(Stored data entries)
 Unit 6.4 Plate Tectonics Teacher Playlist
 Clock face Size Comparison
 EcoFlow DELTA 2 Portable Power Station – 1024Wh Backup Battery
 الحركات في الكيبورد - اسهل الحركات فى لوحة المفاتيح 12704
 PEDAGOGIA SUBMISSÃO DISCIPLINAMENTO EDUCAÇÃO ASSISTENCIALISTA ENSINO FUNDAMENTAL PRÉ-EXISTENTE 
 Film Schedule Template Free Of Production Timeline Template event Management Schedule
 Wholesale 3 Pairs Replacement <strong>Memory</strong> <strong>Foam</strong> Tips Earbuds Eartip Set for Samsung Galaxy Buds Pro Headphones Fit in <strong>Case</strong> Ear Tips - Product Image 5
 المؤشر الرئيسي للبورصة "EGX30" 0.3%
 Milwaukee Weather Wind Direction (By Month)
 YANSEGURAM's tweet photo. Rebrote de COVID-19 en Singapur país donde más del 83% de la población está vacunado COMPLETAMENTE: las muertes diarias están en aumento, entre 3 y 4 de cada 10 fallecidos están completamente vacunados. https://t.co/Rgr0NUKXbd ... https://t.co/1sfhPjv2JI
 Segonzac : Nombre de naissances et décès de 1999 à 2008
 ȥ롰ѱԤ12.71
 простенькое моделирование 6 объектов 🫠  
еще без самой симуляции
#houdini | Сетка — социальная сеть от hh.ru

= PROBLEM =
Give the records above again in full, keeping every character unchanged.

= PROBLEM SOLUTION =
 Unit 6.4 Plate Tectonics Teacher Playlist
 Clock face Size Comparison
 EcoFlow DELTA 2 Portable Power Station – 1024Wh Backup Battery
 الحركات في الكيبورد - اسهل الحركات فى لوحة المفاتيح 12704
 PEDAGOGIA SUBMISSÃO DISCIPLINAMENTO EDUCAÇÃO ASSISTENCIALISTA ENSINO FUNDAMENTAL PRÉ-EXISTENTE 
 Film Schedule Template Free Of Production Timeline Template event Management Schedule
 Wholesale 3 Pairs Replacement <strong>Memory</strong> <strong>Foam</strong> Tips Earbuds Eartip Set for Samsung Galaxy Buds Pro Headphones Fit in <strong>Case</strong> Ear Tips - Product Image 5
 المؤشر الرئيسي للبورصة "EGX30" 0.3%
 Milwaukee Weather Wind Direction (By Month)
 YANSEGURAM's tweet photo. Rebrote de COVID-19 en Singapur país donde más del 83% de la población está vacunado COMPLETAMENTE: las muertes diarias están en aumento, entre 3 y 4 de cada 10 fallecidos están completamente vacunados. https://t.co/Rgr0NUKXbd ... https://t.co/1sfhPjv2JI
 Segonzac : Nombre de naissances et décès de 1999 à 2008
 ȥ롰ѱԤ12.71
 простенькое моделирование 6 объектов 🫠  
еще без самой симуляции
#houdini | Сетка — социальная сеть от hh.ru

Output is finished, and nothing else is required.